Gandhi: some ugly truths revealed

Submitted by Matthew on 8 October, 2009 - 11:53 Author: Stuart Jordan

This series got off to a good start as an attempt by the bourgeois establishment to de-sanctify the legacy of Mohandas Gandhi, and strips away some of the mythology surrounding him. The man revealed is an incredibly driven politician, who sacrificed his family, his sexuality, and other earthly pleasures, in pursuit of building a mass movement.

The story of Gandhi’s early life (told in the first of the series) shows a different figure from the saintly ascetic of popular folklore. The documentary tells of the time he left his dying father’s bedside to satisfy the “carnal desires” he later renounced. It also tells of his first foray into politics where he not only took a racist position towards black South Africans and low-caste Indians, but also sold out all of his comrades. For this act of misleadership he was attacked by a supporter on the way out of prison.

Although the documentary rids Gandhi of his halo, the real-life human being it presents still appears to have almost god-like powers. The documentary completely ignores the historic context in which Gandhi lived. Apart from admitting to some influence by the radical vegetarian scene in London, Gandhi is presented as a figure outside of history who, through force of will-power and satyagraha (literally, grasping the truth), singlehandedly brings down the British Empire. If you believe this story, Gandhi is a deus ex machina, born into a political vacuum to bring forth an army of activists.

In South Africa, where he started his political life as a lawyer for Durban’s Indian merchant class, Gandhi is portrayed as creating a 9,000-strong movement of arrestable non-violent activists from scratch within a matter of weeks. No doubt the man was a talented political organiser and orator, but a truly secular account would have shown history making the man, rather than the man making history.

It is no surprise that Gandhi’s political career starts among the merchant class of South Africa. Here Gandhi develops his own form of reactionary petty-bourgeois socialism that finds no end of support in the upper echelons of the Indian bourgeoisie.

Contrary to the Great Man of History portrayal, Gandhi was very much a product of his time, part of a new movement among India’s intelligentsia.
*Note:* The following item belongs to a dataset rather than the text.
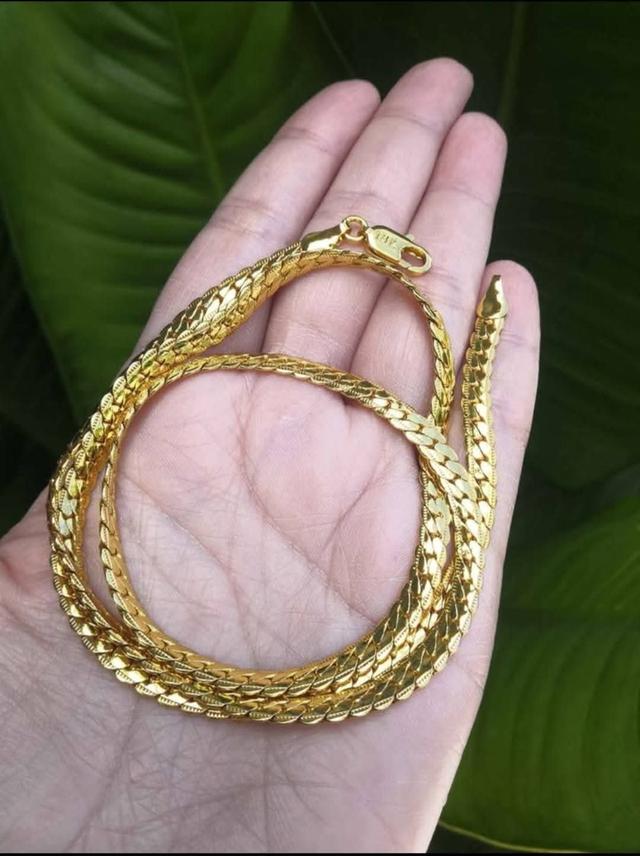 สร้อยคอทองเหมือนแท้ 18k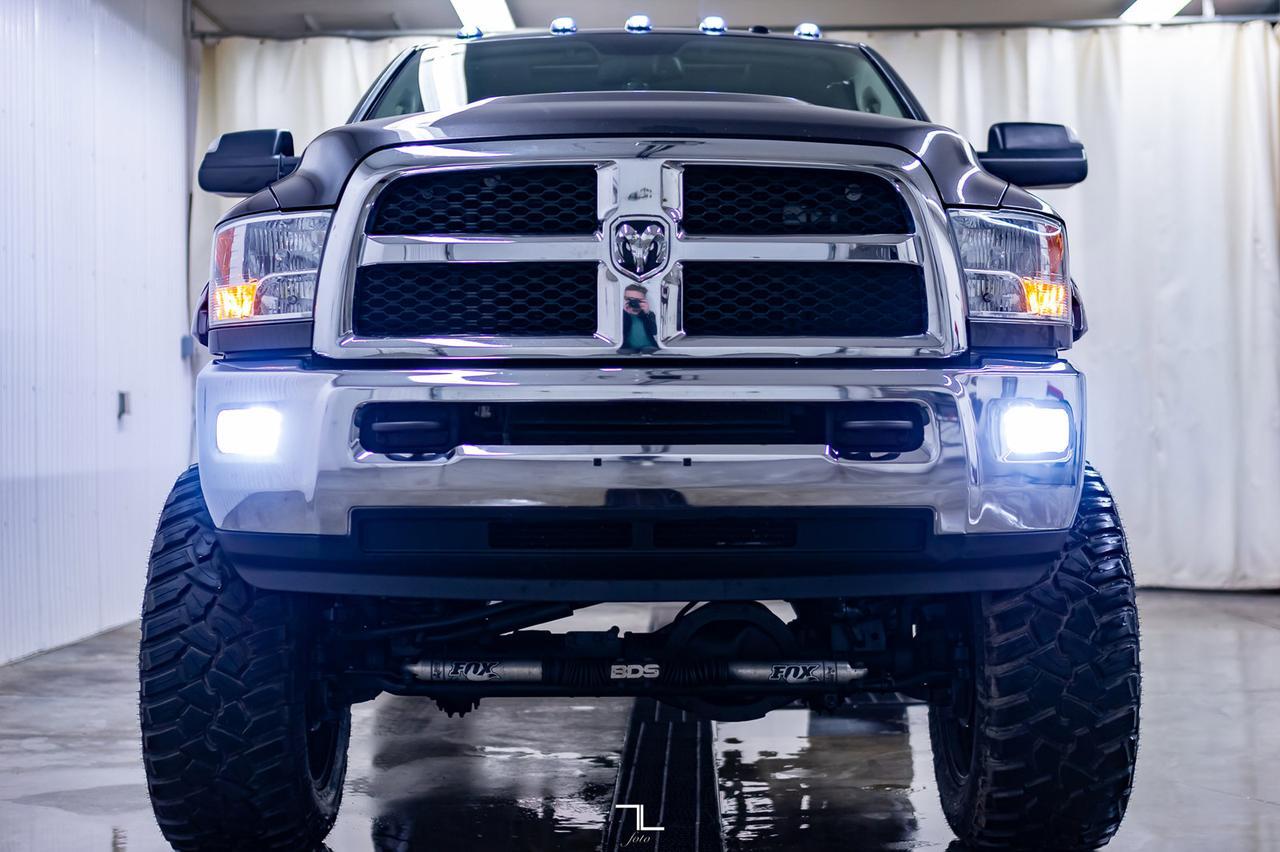 2016 Ram 3500 4x4 Crew Cab SLT Megatron Diesel 8" Lift Red Deer AB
They sought a pan-Indian identity based on One World, One God neo-Hinduism and recoiled from the exploitation and alienation of modern capitalism. The documentary makes the bold comparison between his doctrine and modern jihad.

Nowadays, Gandhi’s political doctrine of non-violence is taught in schools across the world as an example of how the weak can overcome the strong. However, this rendering of history is a fiction. The British left India for economic reasons, not because they were ground down by decades of satyagraha. It was the militant working class (which Gandhi condemned) and the revolutionary peasantry that played the bigger part in the British decision to leave.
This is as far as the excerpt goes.